The vast majority of hospices in the United States have at least one enrollment policy that restricts access for terminally ill Medicare patients with high-cost medical needs, according to a study.
Researchers with Mount Sinai School of Medicine and Yale University analyzed 591 randomly-chosen hospices around the U.S. Of the hospices in the sample, 78% had at least one enrollment restriction for terminally ill Medicare patients receiving high-cost care such as chemotherapy, transfusions or palliative radiation.
“Hospice care is an ideal model of healthcare reform in that it provides a patient-centered, multidisciplinary approach to treating patients at the end of their lives,” Melissa Aldridge Carlson, PhD, MBA, the studys lead author and an assistant professor of geriatrics and palliative medicine at Mount Sinai School of Medicine, said in a news release. “It also reduces hospitalizations and saves healthcare dollars.

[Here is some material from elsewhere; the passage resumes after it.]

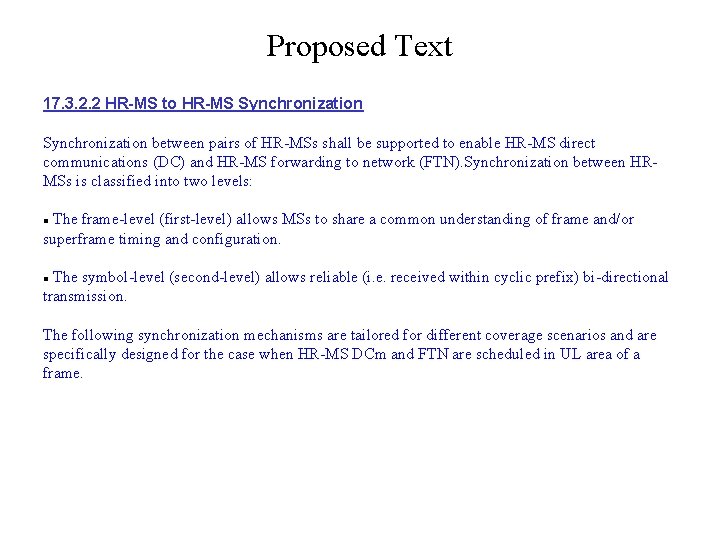 Proposed Text 17. 3. 2. 2 HR-MS to HR-MS Synchronization between pairs of HR-MSs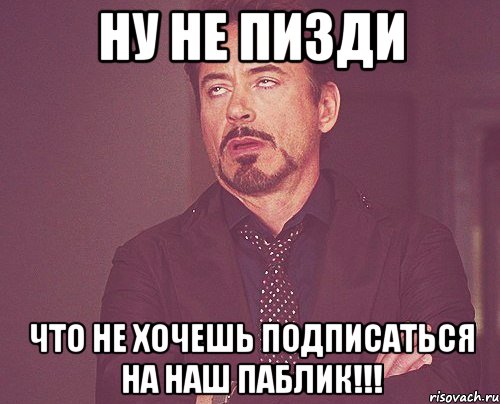 ну не пизди что не хочешь подписаться на наш паблик!!!, Мем твое выражение лица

“However, Medicare hospice reimbursement is not adjusted for cost or labor intensity, which may cause hospices to be more restrictive about whom they enroll.”
Medicare provides an average reimbursement rate of $140 per day per patient for hospice care, according to the researchers. Many patients with terminal illnesses benefit from palliative chemotherapy, radiation or blood transfusion, treatments that can cost up to $10,000 per month. Some hospices may simply be unable to afford to enroll patients wishing to receive these treatments.

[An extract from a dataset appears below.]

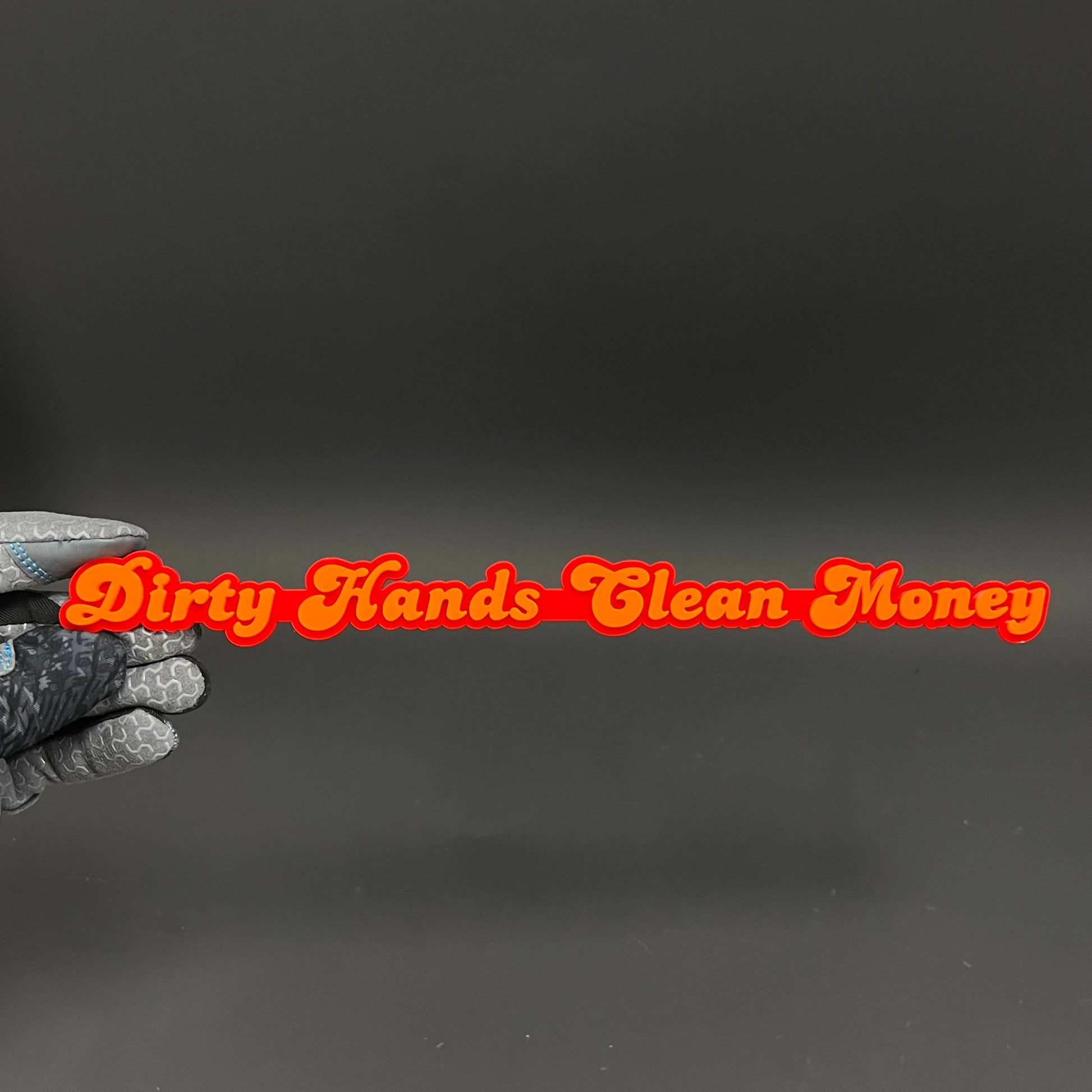 1PC Dirty Hands Clean Money 3D Acrylic Badge - Car Truck Emblem Fender Sticker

Also, an increasing number of treatments such as chemotherapy for cancer are considered both life-prolonging and palliative, and the extent to which such treatments may be continued under the Medicare benefit once hospice is elected is unclear.
Some patients may also need labor-intensive care such as feeding tubes, intravenous nutrition and more frequent and intensive home visits if they do not have a caregiver, all of which add to the cost of care for hospices. Because Medicare reimbursement is not adjusted for the intensity of care, hospices may be less likely to enroll patients with these needs as well.
In the survey, hospice providers reported an average of 2.3 restrictive enrollment policies. Only a third of hospices would enroll patients who are receiving chemotherapy; half would enroll patients receiving total parenteral nutrition; and two-thirds would enroll patients who want to receive palliative radiation. Larger hospices had less restrictive enrollment policies, likely because higher patient volume allows them to spread the financial risk of high-cost patients across a larger patient base. Small hospices had the most restrictive enrollment policies.
“Our results indicate that addressing the financial risk to hospices of caring for patients with high-cost complex palliative care needs is likely a key factor to improving access to hospice care,” Aldridge Carlson said.
The researchers said the Medicare per diem rate should be increased for patients with high-cost medical needs. They proposed relaxing eligibility criteria for the Medicare Hospice Benefit to allow for concurrent life-extending and palliative care treatments. They also said physicians who refer to hospice should understand that eligibility criteria may vary widely across hospices and that larger hospices may have more expanded enrollment.
More than a quarter of hospices in the survey sample had open-access policies, meaning they offered palliative care services to non-hospice patients. Nonprofit hospices were more than twice as likely to have such policies compared with for-profit hospices.
“This emerging trend in open-access hospices may promote the use of hospice earlier in the course of a patients disease,” Aldridge Carlson said. “However, it is unclear if this innovative care model will spread given the rapid growth in the for-profit hospice sector.”